Mayor Teresa Tomlinson said what Columbus experienced in 2017 is not unique to the city, but part of systemic socioeconomic problems that America’s urban centers have struggled with for decades.
“If you’re going to cut across everything from foster care, to special needs students, to crime, you’re talking about the unraveling of the social fabric that has been going on for probably 40 years, since the late ’70s, early ’80s,” she said in a recent interview with the Ledger-Enquirer.
She said some of it is due to the suburbanization that occurred in previous years, as the public and private sectors divested in urban centers and invested in the outer rings of cities across the nation.
One of the biggest challenges that leaders face is people wanting to fix a complex problem by narrowing it to one solution, Tomlinson said, referring to frequent calls for more police officers, better educators and faith-based activities, for example. But many leaders have come to realize that the situation is multifaceted and simple solutions won’t work, she added.
“We are only just now learning as a national community how to deal with issues of poverty and all that it touches, and that includes crime, education, workforce, mental health and physical health,” she said. “It requires a financial infrastructure that is much in debate politically as to whether we as a people are going to invest in that.”
The city is making progress, the mayor added.
“ ... I think we’re seeing, now, this effective partnership, in Columbus anyway, where we do all pitch in,” she said. “We have more mentorship programs than we’ve ever had. We have more partnerships between the school board and Parks and Rec, for instance, and neighborhood associations and law enforcement officers. So we’re starting to get the hang of it, but I think few people have a true appreciation for the complexity of the social unraveling that we’re now trying to mend.”
When it comes to the number of murders in Columbus this year, Tomlinson said, the community has a right to be outraged, but people should also take action.
“... When you talk about retaliatory murders, that goes right to the heart of the anti-snitch culture, to the lack of the faith in the justice system that some people grapple with, and we need to heal those things as a broader community,” she said, “or we won’t get the right people where they need to be, which is off the streets where they’re endangering others and, frankly, becoming a danger to themselves.”
Columbus 2025 is one local initiative launched by the Chamber of Commerce to help address many of the problems that the city is grappling with from a socioeconomic perspective. A group of the city’s most prominent leaders unveiled the plan in January of 2017 as an effort to spur economic growth and increase prosperity in the region.
The plan focuses on five action areas: targeted economic growth, talented and educated people, enterprising culture, vibrant and connected places, and cohesive image and identity. Committees have been set up to implement each segment of the plan, and the results will be evaluated based on a series of baseline, best-practice metrics.

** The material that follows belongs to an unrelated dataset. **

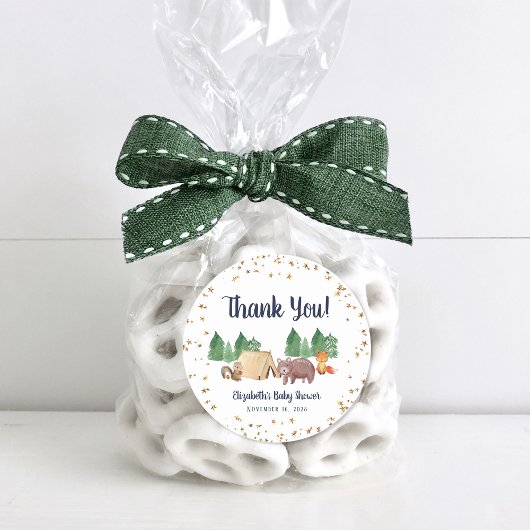 Woodland Animals赤ちゃんシャワー ラウンドシール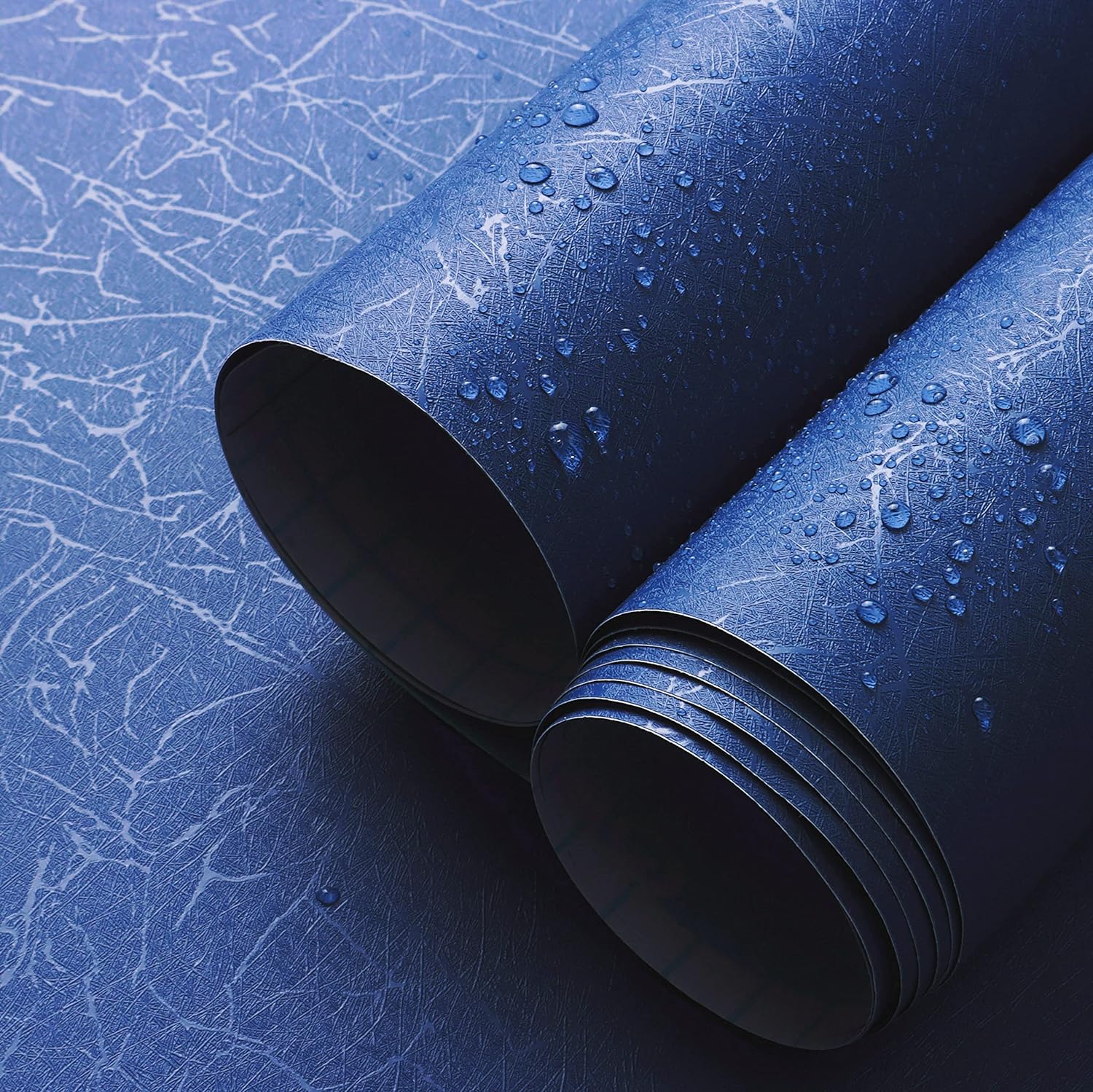 Safiyya Blue Silk Peel and Stick Wallpaper Textured Dark Blue Contact Paper Removable Wallpaper Silk Contact Paper Decorative Self Adhesive Wallpaper Vinyl Rolls 118"x 15.7"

Leading the effort are Billy Blanchard, partner and board member of Jordan-Blanchard Capital; Audrey Tillman, executive vice president and general counsel at Aflac; Jackie Lowe, a retired Georgia Power executive; and Jimmy Yancey, retired chairman of Synovus.
Muscogee County School Superintendent David Lewis, who sat on the Columbus 2025 steering committee, said he believes education is a big part of the solution, but schools can’t do it alone. He believes the public-private partnership developing in Columbus is a move in the right direction.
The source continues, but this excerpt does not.